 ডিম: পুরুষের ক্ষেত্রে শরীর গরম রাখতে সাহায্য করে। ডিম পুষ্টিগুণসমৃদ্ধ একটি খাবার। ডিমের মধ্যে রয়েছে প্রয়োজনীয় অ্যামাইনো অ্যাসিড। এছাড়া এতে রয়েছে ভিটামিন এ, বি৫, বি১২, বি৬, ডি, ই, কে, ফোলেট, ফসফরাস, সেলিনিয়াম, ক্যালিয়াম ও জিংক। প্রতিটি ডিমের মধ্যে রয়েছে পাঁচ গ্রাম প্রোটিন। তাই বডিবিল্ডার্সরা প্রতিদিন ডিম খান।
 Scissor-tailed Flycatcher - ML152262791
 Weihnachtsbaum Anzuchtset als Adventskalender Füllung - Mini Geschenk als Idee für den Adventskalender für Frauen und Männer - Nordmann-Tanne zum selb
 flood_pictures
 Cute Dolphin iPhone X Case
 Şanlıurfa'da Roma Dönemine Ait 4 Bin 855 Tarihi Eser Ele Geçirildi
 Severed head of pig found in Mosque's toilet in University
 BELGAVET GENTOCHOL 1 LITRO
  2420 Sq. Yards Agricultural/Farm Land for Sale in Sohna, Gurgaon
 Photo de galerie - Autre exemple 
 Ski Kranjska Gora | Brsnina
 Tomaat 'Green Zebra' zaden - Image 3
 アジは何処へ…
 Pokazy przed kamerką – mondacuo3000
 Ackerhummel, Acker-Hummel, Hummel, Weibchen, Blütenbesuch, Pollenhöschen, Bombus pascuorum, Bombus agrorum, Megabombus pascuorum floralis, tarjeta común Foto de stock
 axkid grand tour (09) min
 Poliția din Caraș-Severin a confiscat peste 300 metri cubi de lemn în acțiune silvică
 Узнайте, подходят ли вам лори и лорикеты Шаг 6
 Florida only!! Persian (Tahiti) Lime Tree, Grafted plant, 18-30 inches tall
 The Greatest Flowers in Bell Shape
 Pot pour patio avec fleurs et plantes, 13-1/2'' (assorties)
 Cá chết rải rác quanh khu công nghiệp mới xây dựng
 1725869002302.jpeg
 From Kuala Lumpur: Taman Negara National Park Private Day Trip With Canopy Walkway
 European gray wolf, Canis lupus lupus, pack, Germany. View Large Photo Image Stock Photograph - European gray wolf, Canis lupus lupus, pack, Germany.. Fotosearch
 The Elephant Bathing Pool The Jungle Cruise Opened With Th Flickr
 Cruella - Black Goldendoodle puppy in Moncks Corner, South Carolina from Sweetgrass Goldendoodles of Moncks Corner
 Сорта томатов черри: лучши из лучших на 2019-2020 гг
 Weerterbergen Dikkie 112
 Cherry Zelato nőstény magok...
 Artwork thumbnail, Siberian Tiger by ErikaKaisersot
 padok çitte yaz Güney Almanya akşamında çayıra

**Brief**
Could you write out, exactly as they stand, only the lines above that begin at the line with "Scissor-tailed Flycatcher - ML152262791" and stop after the line with "axkid grand tour (09) min"?

**Output for this exercise**
 Scissor-tailed Flycatcher - ML152262791
 Weihnachtsbaum Anzuchtset als Adventskalender Füllung - Mini Geschenk als Idee für den Adventskalender für Frauen und Männer - Nordmann-Tanne zum selb
 flood_pictures
 Cute Dolphin iPhone X Case
 Şanlıurfa'da Roma Dönemine Ait 4 Bin 855 Tarihi Eser Ele Geçirildi
 Severed head of pig found in Mosque's toilet in University
 BELGAVET GENTOCHOL 1 LITRO
  2420 Sq. Yards Agricultural/Farm Land for Sale in Sohna, Gurgaon
 Photo de galerie - Autre exemple 
 Ski Kranjska Gora | Brsnina
 Tomaat 'Green Zebra' zaden - Image 3
 アジは何処へ…
 Pokazy przed kamerką – mondacuo3000
 Ackerhummel, Acker-Hummel, Hummel, Weibchen, Blütenbesuch, Pollenhöschen, Bombus pascuorum, Bombus agrorum, Megabombus pascuorum floralis, tarjeta común Foto de stock
 axkid grand tour (09) min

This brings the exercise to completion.